Rise of the machines - Part I
Skynet was the protagonist in the Terminator franchise. It is a fictitious artificial intelligence that exists in cyberspace across millions of computer servers. It cannot be shutdown and its interest is in self-preservation so it is set on destroying humanity. You'd agree that with the speed of technological change, the possibility of a Skynet type intelligence in cyberspace is not a big stretch from today. But what if Skynet already exists? Not as a computer system, but as a human construct of politics, markets and law where we are cajoled by an invisible hand. Could Skynet be a system that protects property rights?

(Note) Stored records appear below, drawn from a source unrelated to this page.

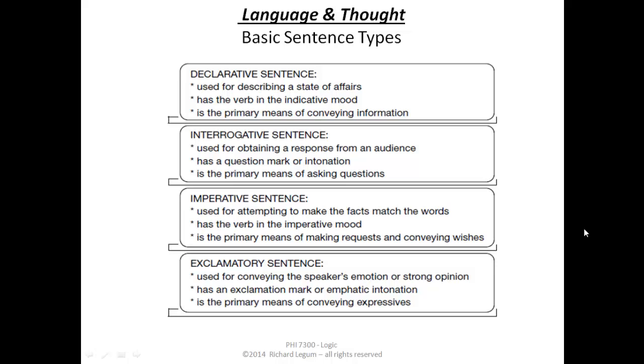But notice only the first kind — only a declarative sentence — is trying to describe the world. While the rest of them seem to be used for other purposes.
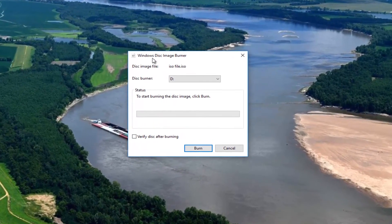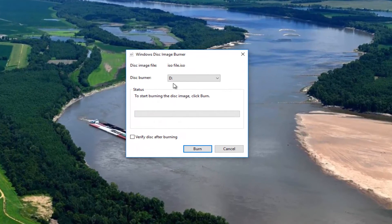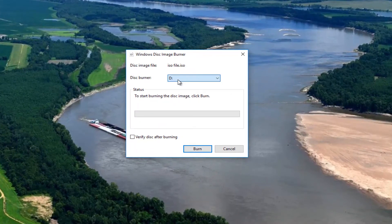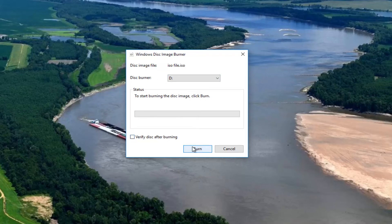Now underneath Windows Disk Image Burner, you want to make sure you put in your CD or DVD into your D drive, or whatever drive label you're currently set to use for your DVD or CD. And then once you put that in, you just click on the burn button right here and it will begin burning the ISO file to your CD or DVD.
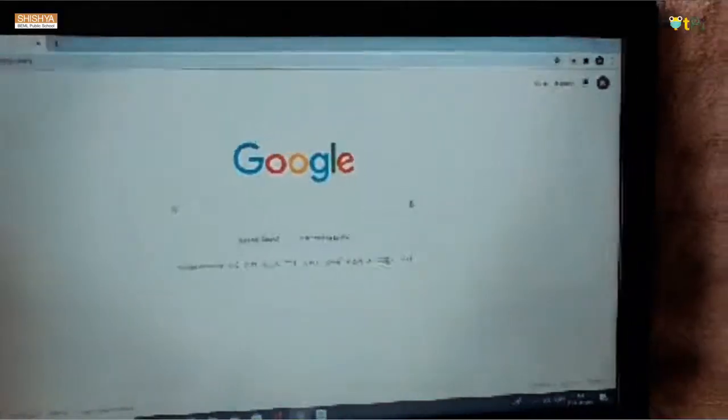Good morning everyone, my name is Nishita Peevee and I'm studying in Shishya BMR Public School in sixth standard. Today I'm going to tell you about Autodraw and Quickdraw. Now let's begin.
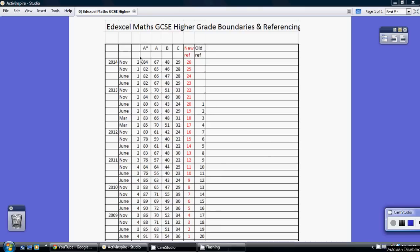This video shows the grade boundaries for the Edexcel Maths GCSE higher papers for the last few years.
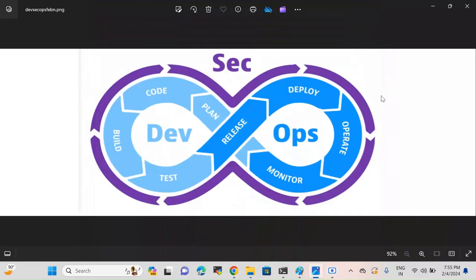Hi everyone, I hope everybody are doing good. In the last video we discussed about the DevSecOps architecture and listed out the tools used in DevSecOps. Today's video we will be discussing about a tool called Talisman. Talisman is a pre-commit hook tool and it gets installed on the developer's local machine, and it is used to find vulnerabilities on local laptop or desktop.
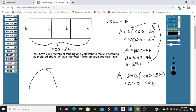I was using this made-up problem that I made in meters, so the area is going to be in meters squared. 125,000 meters squared is your solution.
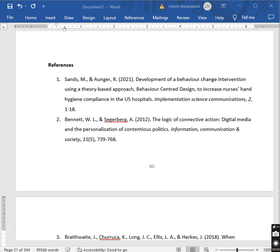Hello, good day. It's a pleasure training you again on another advanced AI prompt for academic research and academic writing. Today we are going to train you on how to add citations — academic citations, in-text citations and references in your research paper using ChatGPT, the correct way.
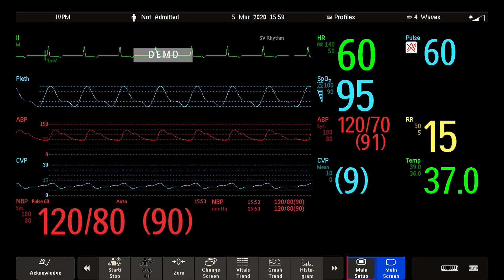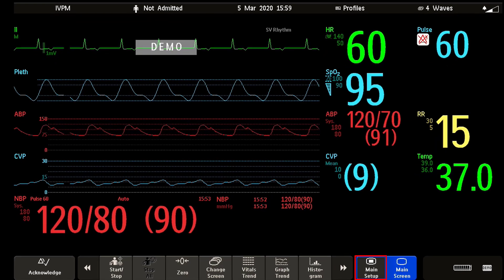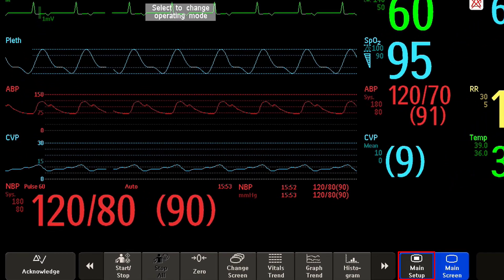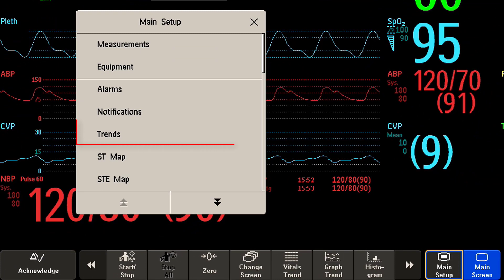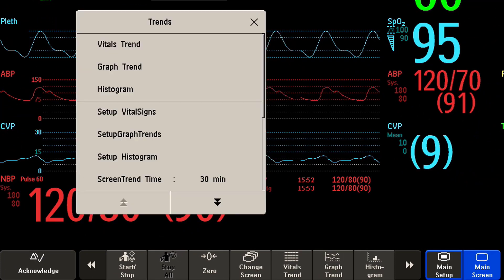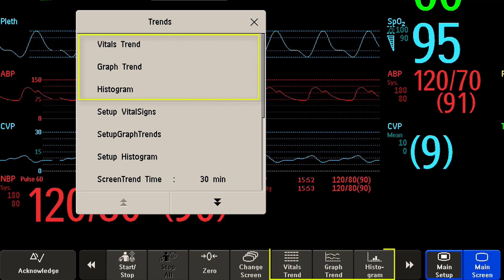To open a trend window, select the main setup key and then trends, and then select the trend you want to view, or you can just use one of the dedicated smart keys.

We all know that the distribution of wealth has become more extreme with a small minority of the world controlling the bulk of the world’s capital. We've freed up markets and championed non-democratic capital as the central force in our economy. Government's chase "economic growth" above all else. Consumerism is our economic religion and our growth engine. We struggle to exist within our means. Beyond the individual it's easy to question the ability of democracy to influence capital. How is the new Greek Government going with its fight to step away from austerity? In the old days whenever the system got seriously out of whack it was dealt with by bloody revolutions, wars, and mass uprisings. But gradually we have built a system of law and political organisation that nullifies radical change. Our system of doing things has become self-preserving. With all of the visibility that the 1% campaign had in the United States, what actually changed as a result? Are humans capable of "giving something up" for the greater good? On that note how are we going on climate change or are we still debating it even exists?
Rise of the machines
I've read somewhere that there will be true artificial intelligence within the next decade. It wasn't that long ago scientists were trying to create robots that could walk. It took the Japanese maybe 20 years to achieve that, but its only taken a matter of years to create robots that can run. In the past few years there has been large-scale investment in research and development for AI. It's clearly on its way. AI is the start of the next "Age." So my big question is how will we cope when it comes to our current system that relies on people "working" for income? What happens when robots are doing the work? Are we better to keep people working, than chase productivity through automation? Will there be enough work that cannot be done by robots? Will the owners of capital pay higher wages and accept lower profits to keep people working? (Yeah, right!) Will the wealthy apply their even greater resources to improve humanity, or will they spend it on bigger boats? Will Elon Musk single-handedly save the world? And if the 1% won’t change, and if the system does nothing to bring about change, then what will happen? Will there eventually be a tipping point? What will that next revolution look like? Clearly as we enter the age of robots, the ability of our political and economic systems to adjust to a radically different world become even more important. With Globalisation we have pushed jobs out to the developing world and experienced massive productivity gains (or taken advantage of lower labour costs.) That moved jobs into the service and "thinking" industry. In the next Age much of this work, (potentially just about all work) will be done by intelligent robots. Given we have struggled with the impacts of globalisation, how will we cope with displacing human labour on this scale? In this next Age, which we will see in our lifetime, the world is going to become radically different from what it is today. I wonder if our system of doing things will cope or if the 1% will become the 0.01%. Are we capable of radically rethinking the way things work? This next Age will test our ability to be driven by more than self-interest and materialism. On a positive note I see it as the Age that saves us from ourselves. But, how broken will the current system have to become, before we have the collective will to change it?